• _WHAT THIS TASK INVOLVES_:
The listing that follows should be copied in full and exactly, with no pictures.

• _SUPPLIED INFORMATION_:
-*-
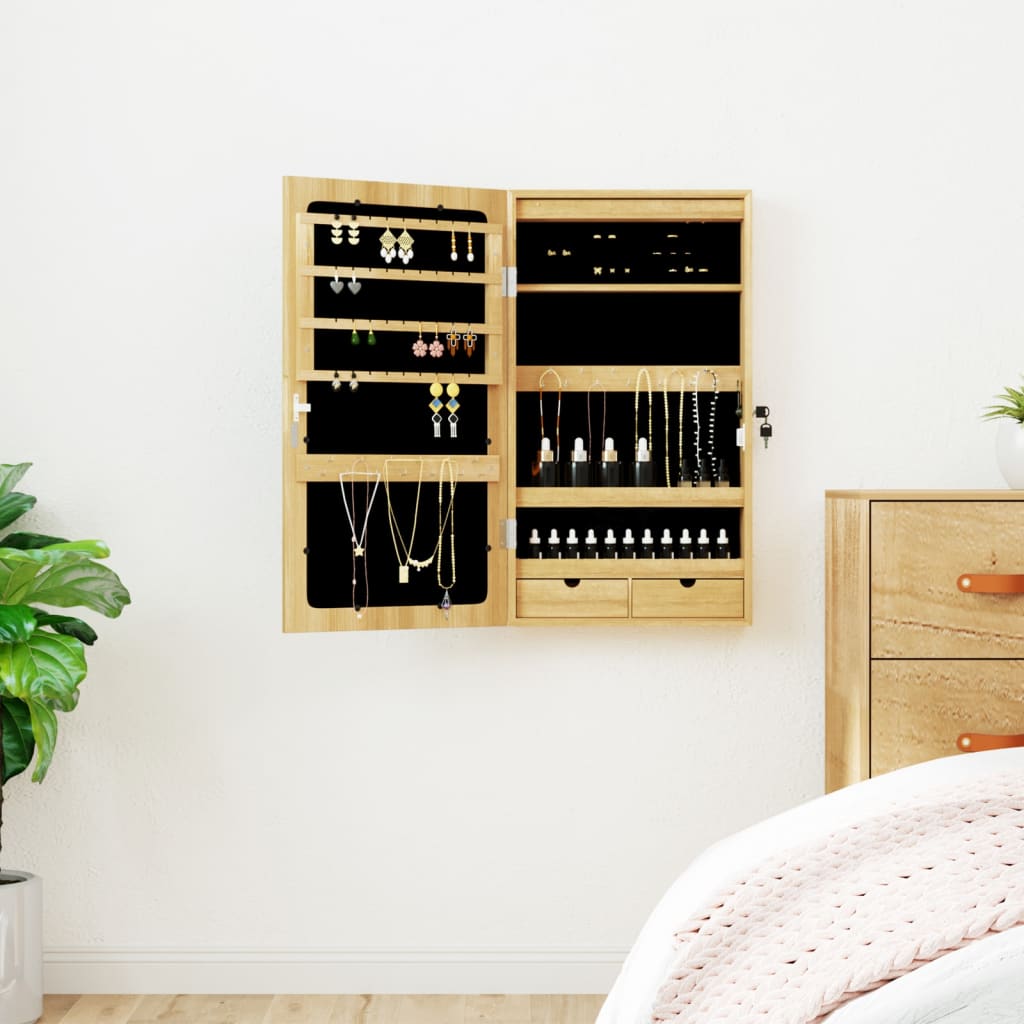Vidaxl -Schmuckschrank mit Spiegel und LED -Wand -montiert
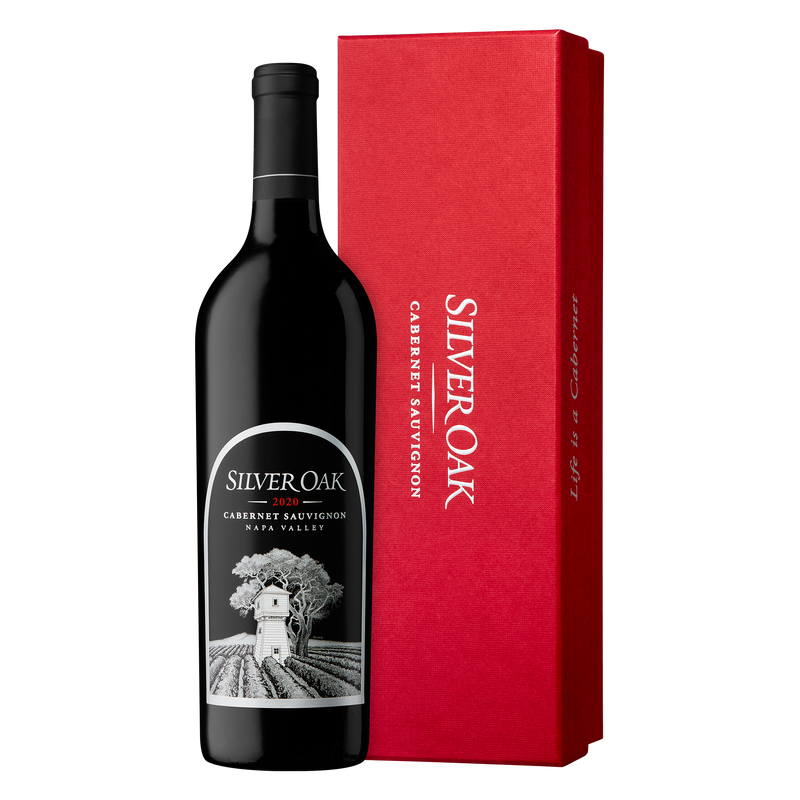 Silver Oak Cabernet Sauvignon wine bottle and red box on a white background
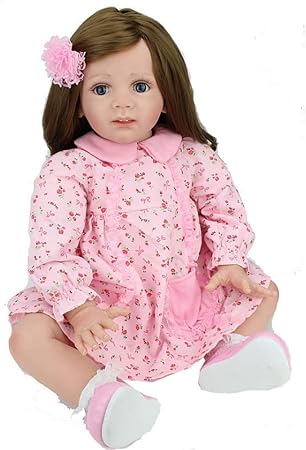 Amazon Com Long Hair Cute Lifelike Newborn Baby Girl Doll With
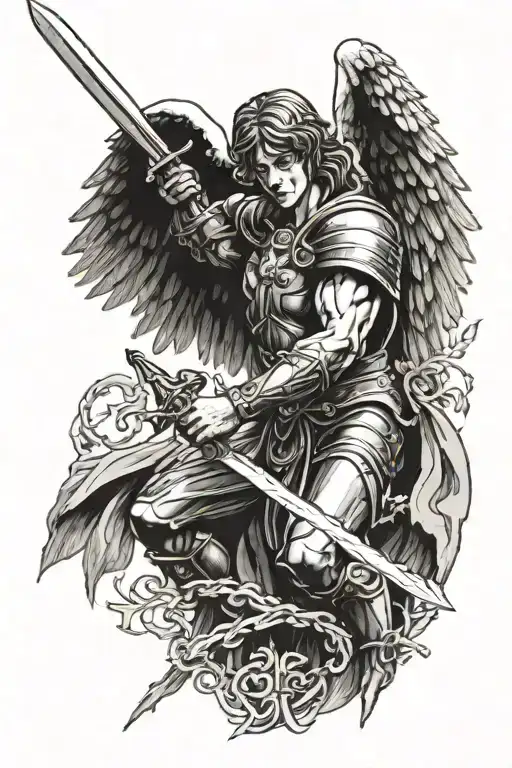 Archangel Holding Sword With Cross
-*-
• _ANSWER TO THIS PROBLEM_:
Vidaxl -Schmuckschrank mit Spiegel und LED -Wand -montiert
 Silver Oak Cabernet Sauvignon wine bottle and red box on a white background
 Amazon Com Long Hair Cute Lifelike Newborn Baby Girl Doll With
 Archangel Holding Sword With Cross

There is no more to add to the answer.